Un rayon de joie passa dans les yeux de Maurice.
—Oui! le dénoncer. Je vais à Paris; j'y serai au jour; je le dénonce. Consolante idée!—L'hospitalité? dira-t-on.—Et l'adultère? répondra-t-on.—C'est vil, la délation; c'est donc beau ce qu'il fait?
Maurice entend un éclat de rire dans le pavillon. Il arme ses pistolets.
—Mais pourquoi aller à Paris, si loin? La gendarmerie est à ma porte, le maire à deux pas. Dans dix minutes je puis le faire arrêter; dans une heure il sera sur la route de Paris, enchaîné, demain à la conciergerie du Palais; c'est cela!
Maurice regagne l'escalier, en franchit d'un trait les marches. A la dernière, une crainte le frappe.
—Que dire à Victor? Il voudra savoir, il faudra lui dire... longs et écrasants détails! Et que répondre à l'autorité, qui ne me tiendra pas quitte de ma déclaration si je cours le dénoncer, quand elle me demandera comment et pourquoi je fais saisir un homme que j'ai reçu chez moi, que j'ai moi-même caché? Oh! non, je ne sortirai jamais de cet inextricable mélange de ténèbres et de délation!
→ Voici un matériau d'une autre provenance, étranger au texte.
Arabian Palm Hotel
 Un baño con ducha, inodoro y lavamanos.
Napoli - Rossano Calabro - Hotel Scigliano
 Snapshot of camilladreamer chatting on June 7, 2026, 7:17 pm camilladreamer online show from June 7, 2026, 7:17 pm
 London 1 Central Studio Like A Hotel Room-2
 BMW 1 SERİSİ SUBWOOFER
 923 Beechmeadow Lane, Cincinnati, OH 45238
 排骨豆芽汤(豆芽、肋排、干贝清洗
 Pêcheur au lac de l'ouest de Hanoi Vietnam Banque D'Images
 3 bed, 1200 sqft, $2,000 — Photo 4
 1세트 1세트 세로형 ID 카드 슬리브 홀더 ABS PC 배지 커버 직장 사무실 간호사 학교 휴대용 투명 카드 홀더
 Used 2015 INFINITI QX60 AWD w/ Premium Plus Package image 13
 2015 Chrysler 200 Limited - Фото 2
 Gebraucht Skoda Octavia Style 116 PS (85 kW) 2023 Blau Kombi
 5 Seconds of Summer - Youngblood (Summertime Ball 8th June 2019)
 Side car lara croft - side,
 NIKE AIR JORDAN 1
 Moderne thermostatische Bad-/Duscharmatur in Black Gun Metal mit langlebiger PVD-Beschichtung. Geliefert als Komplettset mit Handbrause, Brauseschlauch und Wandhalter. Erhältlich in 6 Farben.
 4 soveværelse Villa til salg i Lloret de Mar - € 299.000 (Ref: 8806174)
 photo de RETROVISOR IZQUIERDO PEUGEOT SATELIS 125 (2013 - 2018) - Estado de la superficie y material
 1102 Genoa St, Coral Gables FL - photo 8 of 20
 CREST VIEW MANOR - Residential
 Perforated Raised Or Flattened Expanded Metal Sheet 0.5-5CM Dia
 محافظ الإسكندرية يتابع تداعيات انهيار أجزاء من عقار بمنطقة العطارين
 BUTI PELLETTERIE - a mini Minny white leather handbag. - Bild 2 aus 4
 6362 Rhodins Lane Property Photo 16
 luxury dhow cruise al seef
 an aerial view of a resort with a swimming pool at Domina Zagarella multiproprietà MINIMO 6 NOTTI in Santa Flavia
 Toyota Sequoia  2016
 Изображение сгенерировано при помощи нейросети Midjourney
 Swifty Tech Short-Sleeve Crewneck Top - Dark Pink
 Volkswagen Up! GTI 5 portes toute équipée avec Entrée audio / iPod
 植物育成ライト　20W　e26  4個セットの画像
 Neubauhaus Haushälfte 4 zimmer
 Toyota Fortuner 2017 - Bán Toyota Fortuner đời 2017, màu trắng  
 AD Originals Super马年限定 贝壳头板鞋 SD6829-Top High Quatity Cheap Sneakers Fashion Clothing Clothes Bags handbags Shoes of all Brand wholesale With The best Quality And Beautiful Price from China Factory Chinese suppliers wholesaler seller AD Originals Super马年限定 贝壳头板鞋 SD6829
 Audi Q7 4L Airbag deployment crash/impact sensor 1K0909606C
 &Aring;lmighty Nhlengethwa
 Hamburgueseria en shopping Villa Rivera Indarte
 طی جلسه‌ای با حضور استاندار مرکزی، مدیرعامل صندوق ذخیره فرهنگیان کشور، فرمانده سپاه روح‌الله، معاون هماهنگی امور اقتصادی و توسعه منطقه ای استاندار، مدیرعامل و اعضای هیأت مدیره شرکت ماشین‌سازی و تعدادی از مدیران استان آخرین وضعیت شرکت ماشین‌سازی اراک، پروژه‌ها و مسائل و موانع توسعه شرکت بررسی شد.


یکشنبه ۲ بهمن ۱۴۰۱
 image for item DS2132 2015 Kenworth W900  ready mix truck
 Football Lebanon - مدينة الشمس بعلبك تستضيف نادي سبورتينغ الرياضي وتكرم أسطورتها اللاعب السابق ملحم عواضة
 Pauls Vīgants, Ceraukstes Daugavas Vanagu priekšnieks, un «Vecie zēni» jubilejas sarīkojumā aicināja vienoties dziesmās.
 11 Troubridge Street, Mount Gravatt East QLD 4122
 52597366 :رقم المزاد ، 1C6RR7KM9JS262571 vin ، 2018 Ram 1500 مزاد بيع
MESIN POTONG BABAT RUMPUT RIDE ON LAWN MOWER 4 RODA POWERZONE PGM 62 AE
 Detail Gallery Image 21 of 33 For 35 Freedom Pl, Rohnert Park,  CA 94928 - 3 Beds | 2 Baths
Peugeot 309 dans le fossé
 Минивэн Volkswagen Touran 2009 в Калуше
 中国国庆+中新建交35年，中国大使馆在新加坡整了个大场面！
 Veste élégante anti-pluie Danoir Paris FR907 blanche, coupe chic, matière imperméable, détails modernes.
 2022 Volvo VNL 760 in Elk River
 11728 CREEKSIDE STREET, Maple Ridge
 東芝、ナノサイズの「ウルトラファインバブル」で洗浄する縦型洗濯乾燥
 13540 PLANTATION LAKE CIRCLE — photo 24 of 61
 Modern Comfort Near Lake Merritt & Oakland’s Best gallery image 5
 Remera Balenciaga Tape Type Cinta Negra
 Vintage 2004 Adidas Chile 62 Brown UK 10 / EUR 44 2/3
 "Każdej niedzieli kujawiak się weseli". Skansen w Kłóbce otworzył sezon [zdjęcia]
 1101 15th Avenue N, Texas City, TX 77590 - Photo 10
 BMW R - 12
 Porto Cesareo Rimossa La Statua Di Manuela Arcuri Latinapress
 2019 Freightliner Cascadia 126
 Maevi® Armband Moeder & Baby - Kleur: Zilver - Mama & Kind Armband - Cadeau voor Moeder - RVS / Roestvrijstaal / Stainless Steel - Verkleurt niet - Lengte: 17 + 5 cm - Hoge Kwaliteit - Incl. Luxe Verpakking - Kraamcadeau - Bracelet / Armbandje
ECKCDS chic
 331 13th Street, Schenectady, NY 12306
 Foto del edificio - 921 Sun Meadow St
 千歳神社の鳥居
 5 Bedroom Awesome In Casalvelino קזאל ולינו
Odieux ou ridicule. Voilà! l'un et l'autre, peut-être. Faut-il donc se laisser faire?
Et Victor qui attend, qui s'impatiente, qui va venir! Il ne manque plus qu'un témoin à cette scène de famille. Mon Dieu, tout mon sang pour une résolution!
Des rires plus insolents montent du caveau; la porte souterraine du caveau s'ouvre.